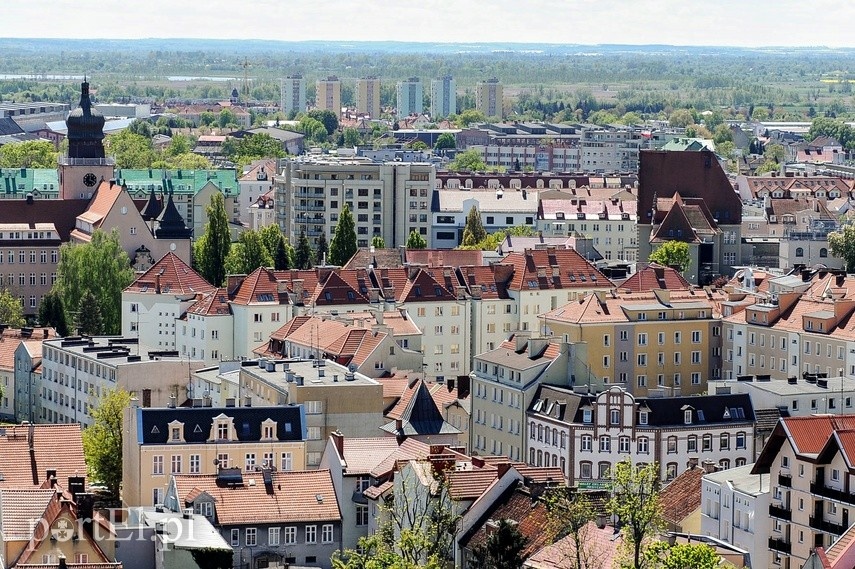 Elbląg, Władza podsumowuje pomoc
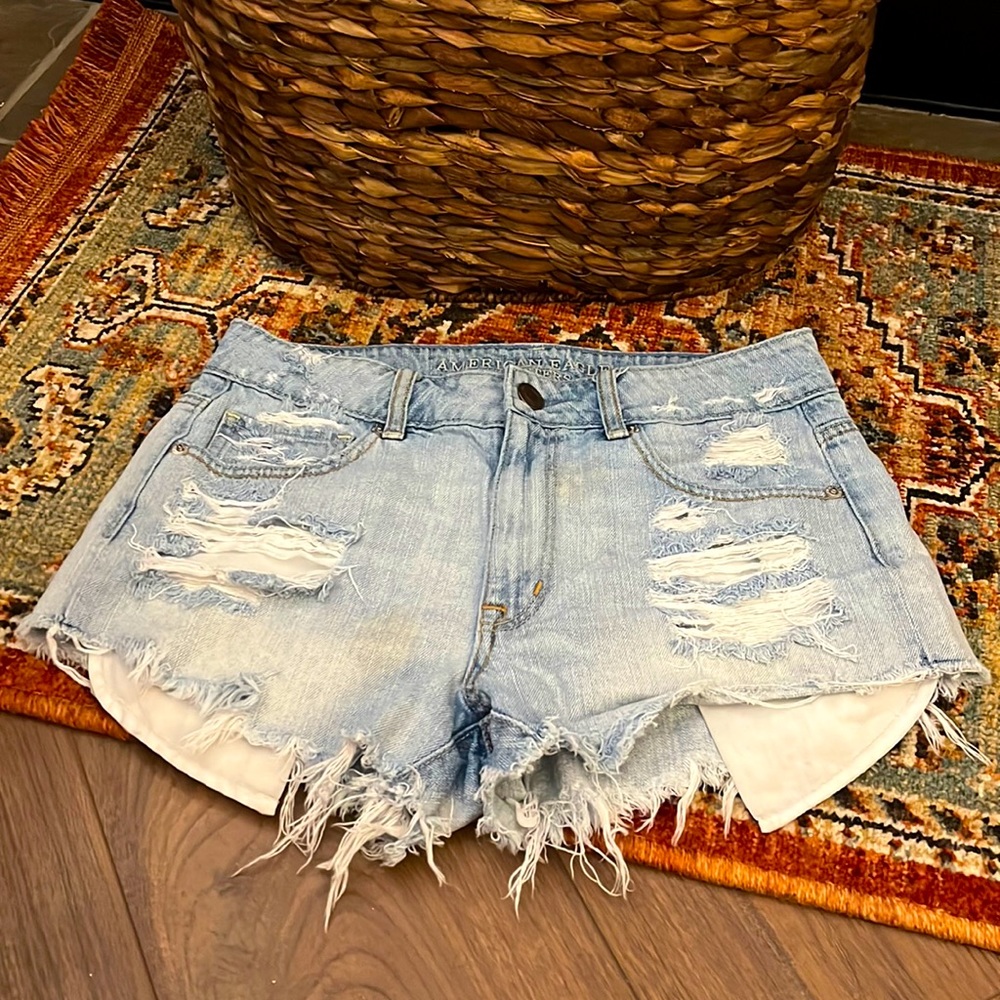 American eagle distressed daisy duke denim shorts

--

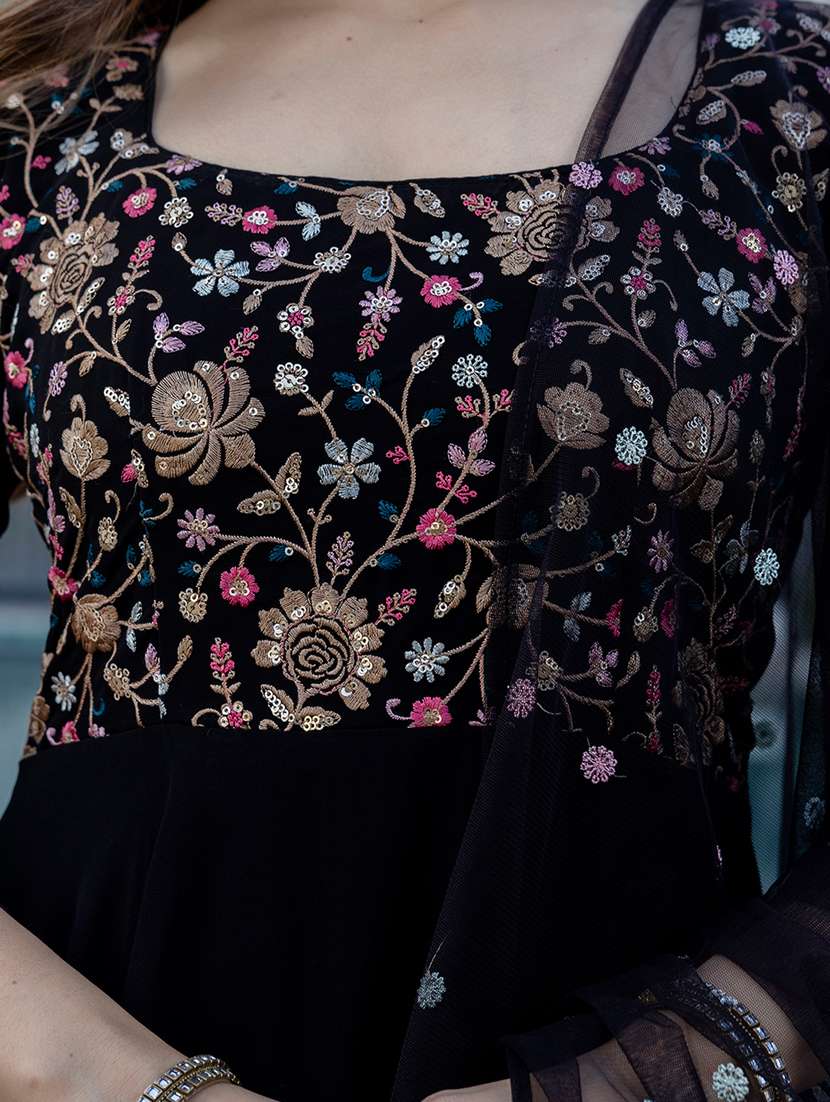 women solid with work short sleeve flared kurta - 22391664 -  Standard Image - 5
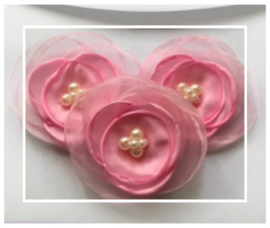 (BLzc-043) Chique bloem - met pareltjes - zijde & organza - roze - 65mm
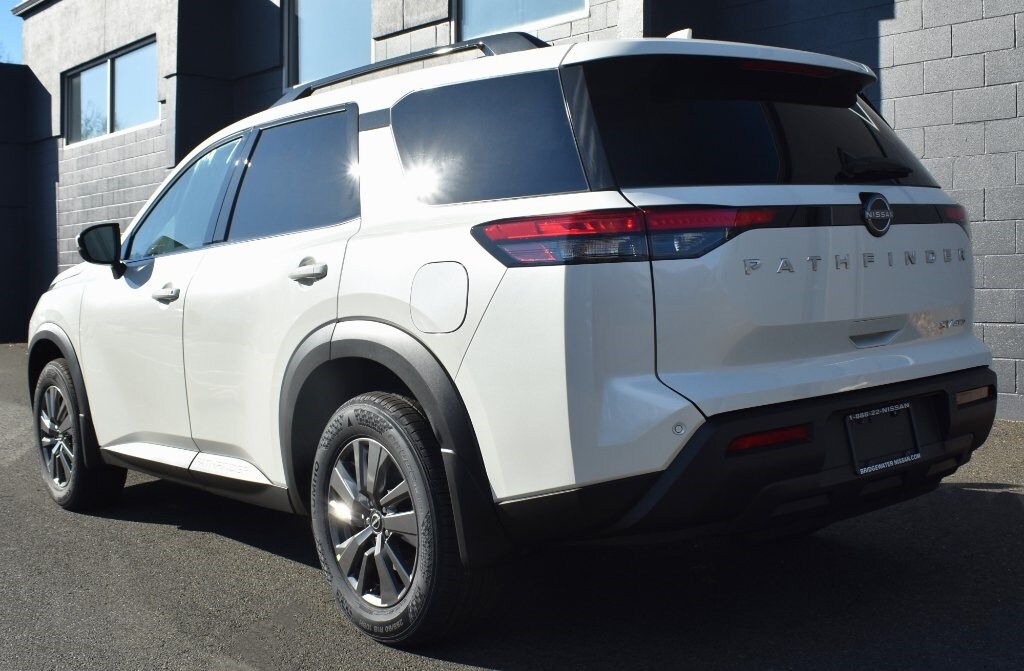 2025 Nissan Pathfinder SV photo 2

(Your assignment): Work from the entries above. Set down exactly and only the lines from the line with "Elbląg, Władza podsumowuje pomoc" to the line with "American eagle distressed", both included, and leave the pictures out.

(Finished task):
 Elbląg, Władza podsumowuje pomoc
 American eagle distressed daisy duke denim shorts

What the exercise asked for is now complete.